C’est que, malgré l’enthousiasme généralisé, ceux qui prônent la nécessité d’une défense européenne plus intégrée s’interrogent sur bien des points. Et d’abord sur le mécanisme de la CSP. Censée rassembler un « noyau dur » d’Etats « pionniers » vraiment décidés à progresser, elle réunira finalement vingt-cinq des vingt-sept Etats membres (les vingt-huit moins la Grande-Bretagne).
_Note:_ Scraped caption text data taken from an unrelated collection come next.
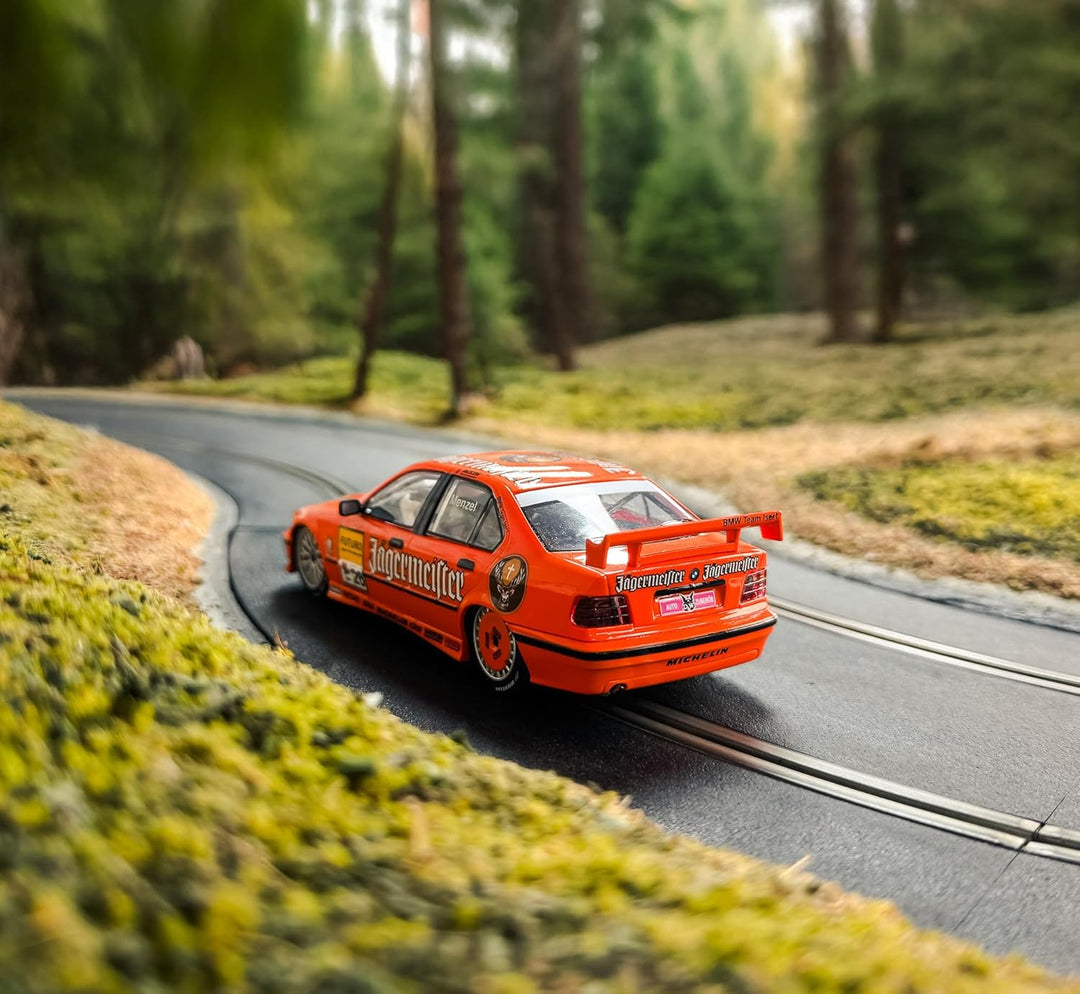 Scalextric C4624 BMW E36 320i - STW 1996 - Jägermeister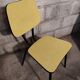 Chaise en formica jaune 1960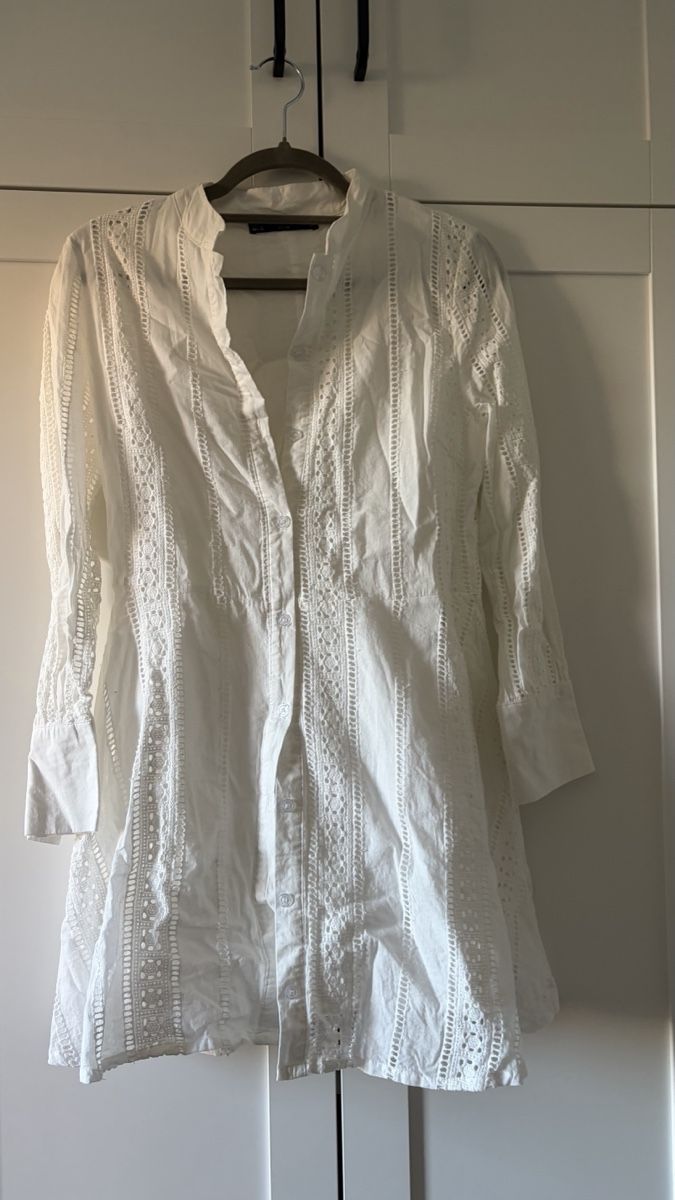 Kleider: Bluse Weiss mit Spitze Grösse M – Gebraucht aus Rapperswil SG von Natalia_Ruzhyna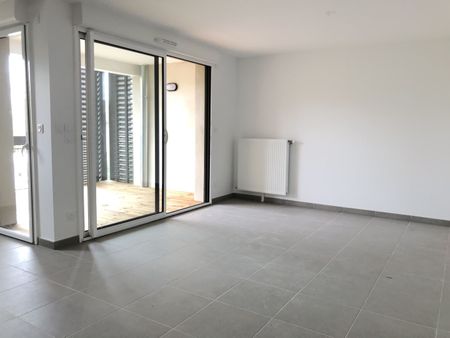 CASTANET TOLOSAN - Dans résidence neuve - Appartement T3 + terrasse + 2 parkings sous sol - Photo 2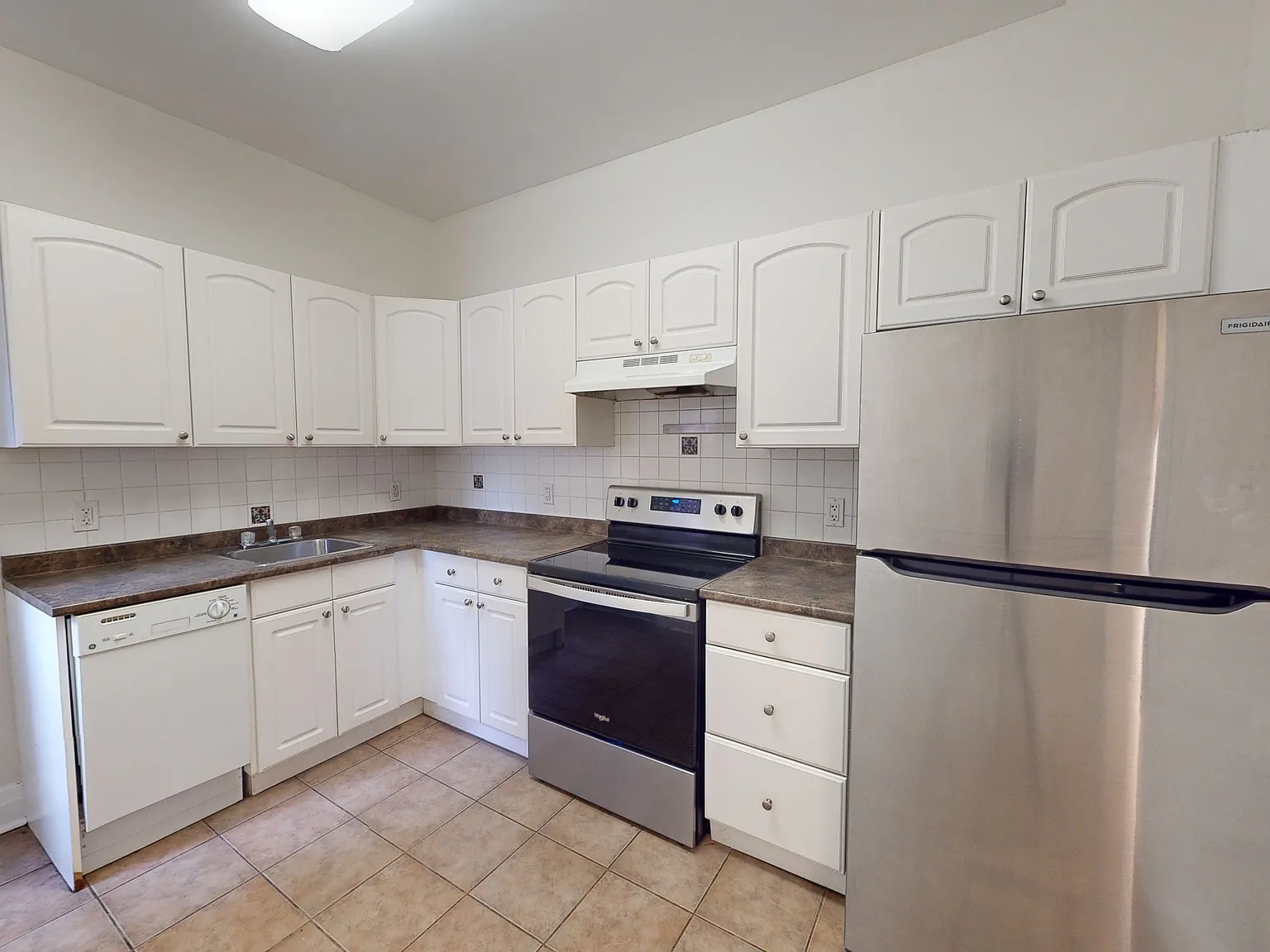 335 Metcalfe — Photo 4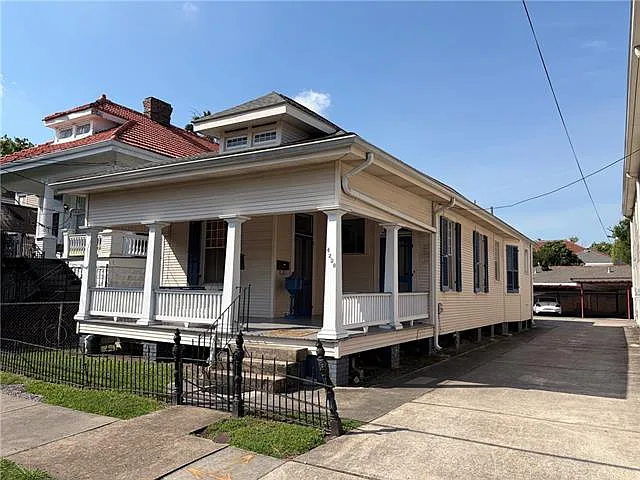 4226 Dumaine St — Photo 2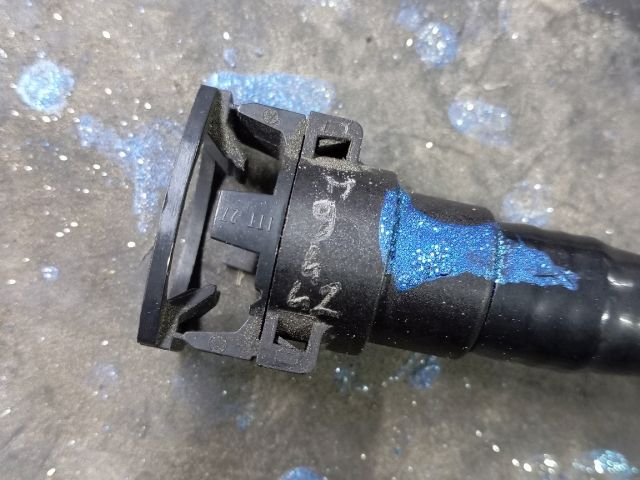 bontott FORD S-MAX Üzemanyagcső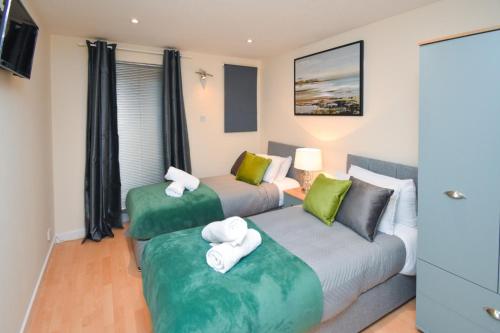 Silicon Court -Milton Keynes -4 bedroom Sleeps 7 gîte à louer National Bowl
Y compris la Pologne, longtemps dubitative, d’autres pays de l’Est jugeant que leur défense doit être surtout assurée par l’OTAN ou des pays de l’Ouest qui se caractérisent par la faiblesse de leurs dépenses militaires. La « coopération » se limitera-t-elle donc à un projet « dépourvu d’ambition et d’âme politique », comme le soutient Federico Santopinto du Groupe de recherche sur la paix et la sécurité ?

Le risque ne peut, a priori, être écarté. Comme celui que le Fonds de défense, censé contribuer à l’autonomie de la défense européenne et à la limitation des dépenses nationales par une mutualisation, n’assure pas une vraie convergence mais ne serve qu’à soutenir des industries nationales.

Cette tentative de lancement d’un projet de défense commun est, en réalité, la quatrième du genre. Si elle réussit, ce sera peut-être et surtout en raison du contexte international, qui a résolument changé et force les dirigeants à se montrer bien plus volontaristes.